The United States has an enormous stake in the success of King Abdullah's new statecraft, and it must support this popular leader through quiet diplomacy. Unfortunately, there are those in Washington who believe that Saudi Arabia is doing too little too late. The propagation of this perception is extremely dangerous because, to the extent that Washington distances itself from the king and his nascent efforts to reform the institutions and foreign affairs of Saudi Arabia, it plays into the hands of both Riyadh's and Washington's enemy terrorists, like Osama bin Laden and Abu Musab Zarqawi.
Although the new king remains cautious, wanting to avoid an open confrontation with the religious establishment, by his actions these first 100 days King Abdullah has breathed new life into the body politic of the world's largest oil producer and most important anchor of global energy security.
For example, consideration of Saudi Arabia's entry into the World Trade Organization (WTO) was frozen until King Abdullah took power.
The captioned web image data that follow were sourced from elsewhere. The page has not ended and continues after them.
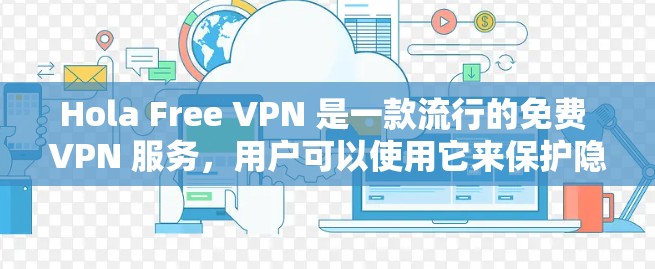 Hola Free VPN 是一款流行的免费 VPN 服务，用户可以使用它来保护隐私和匿名化。最新版本的 Hola Free VPN 可以通过其官方网站或相关应用商店下载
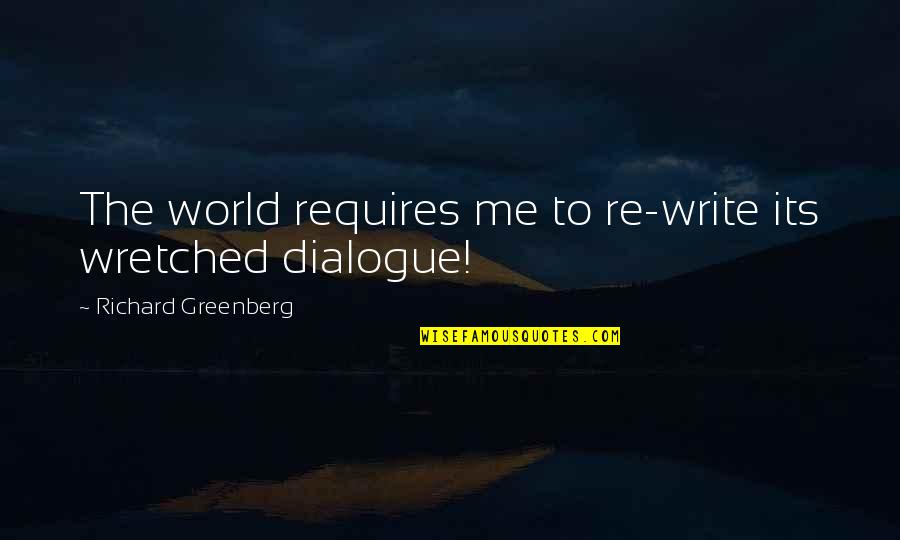 Darren Hardy Motivational Quotes By Richard Greenberg: The world requires me to re-write its wretched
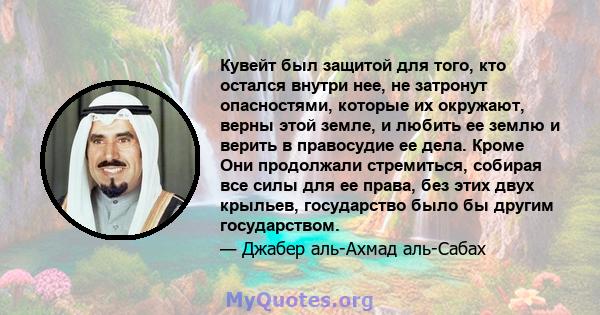 Кувейт был защитой для того, кто остался внутри нее, не затронут опасностями, которые их окружают, верны этой земле, и любить ее землю и верить в правосудие ее дела. Кроме Они продолжали стремиться, собирая все силы для 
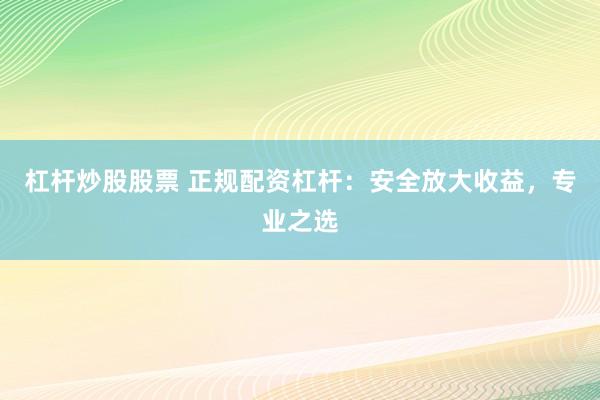 杠杆炒股股票 正规配资杠杆：安全放大收益，专业之选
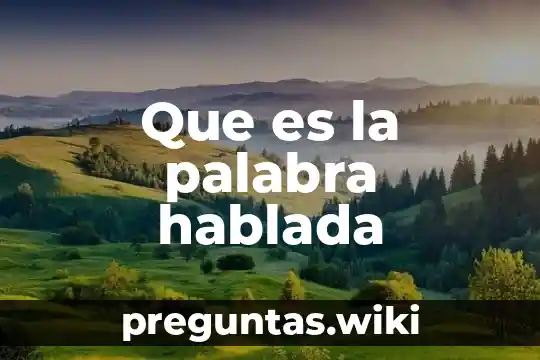 Que es la palabra hablada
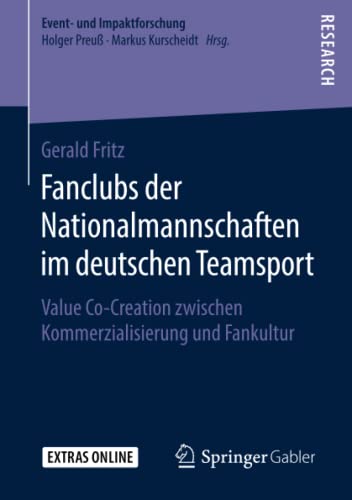 Fanclubs der Nationalmannschaften im deutschen Teamsport: Value Co-Creation zwischen Kommerzialisierung und Fankultur (Event- und Impaktforschung)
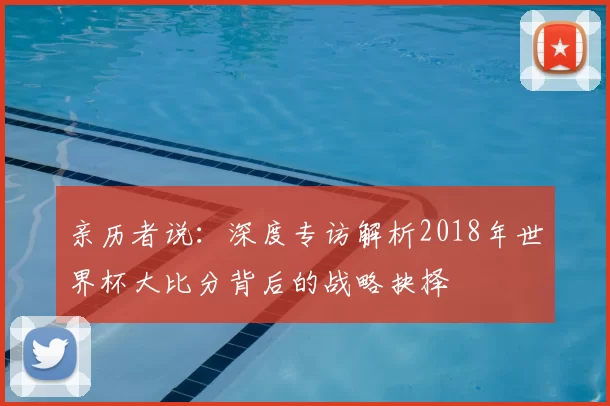 亲历者说:深度专访解析2018年世界杯大比分背后的战略抉择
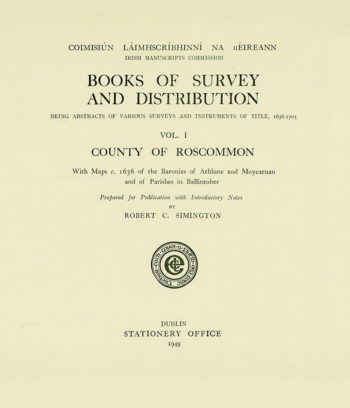 Books Of Survey And Distribution Being Abstracts Of Various Surveys And Instruments Of Title 1636–1703 Vol 1 – Roscommon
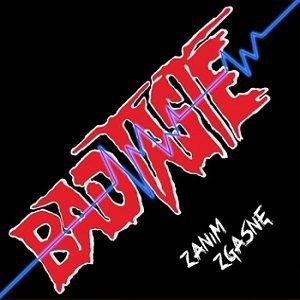 BAD TASTE – „Zanim zgasnę”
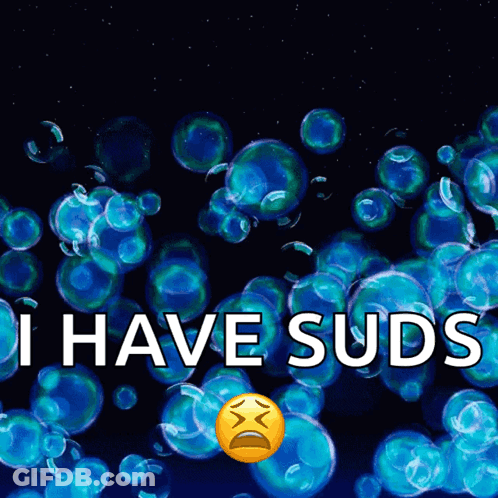 A Blue Background With Bubbles And The Words " I Have Suds " On It GIF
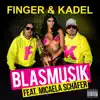 Blasmusik (feat. Micaela Schäfer) - EP album lyrics, reviews, download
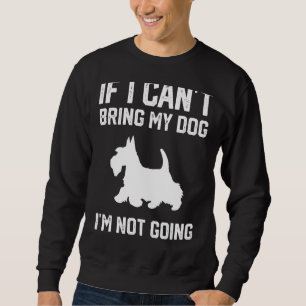 Sudadera Escocés aterrador si no puedo traer a mi perro no 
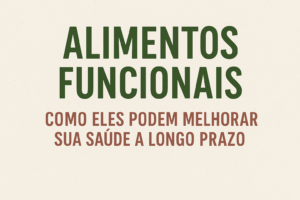 Leia mais sobre o artigo Alimentos Funcionais: Como Eles Podem Melhorar Sua Saúde a Longo Prazo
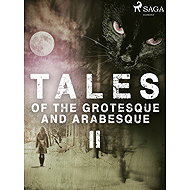 Tales of the Grotesque and Arabesque II - Edgar Allan Poe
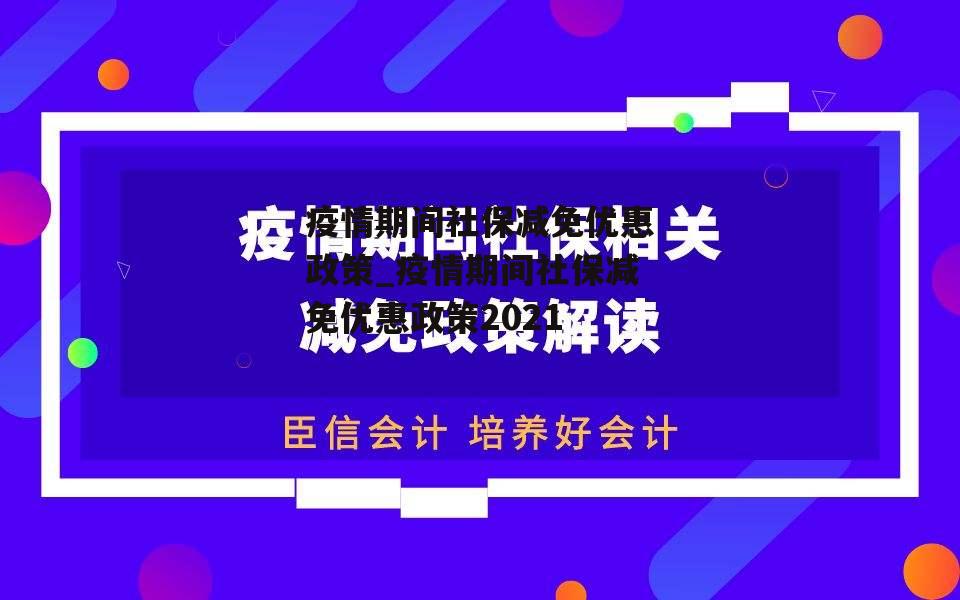 疫情期间社保减免优惠政策_疫情期间社保减免优惠政策2021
Riyadh has now agreed to end all economic boycotts and pledged to refrain from implementing discriminatory trade sanctions, thus allowing the WTO to admit Saudi Arabia as its 149th member. King Abdullah understands that entry into the WTO and economic reform go hand in hand. Therefore, most restrictions on foreign investment in banking, insurance, telecommunications and other service industries have been removed, thus opening the door to one of the largest free-market economies in the world. …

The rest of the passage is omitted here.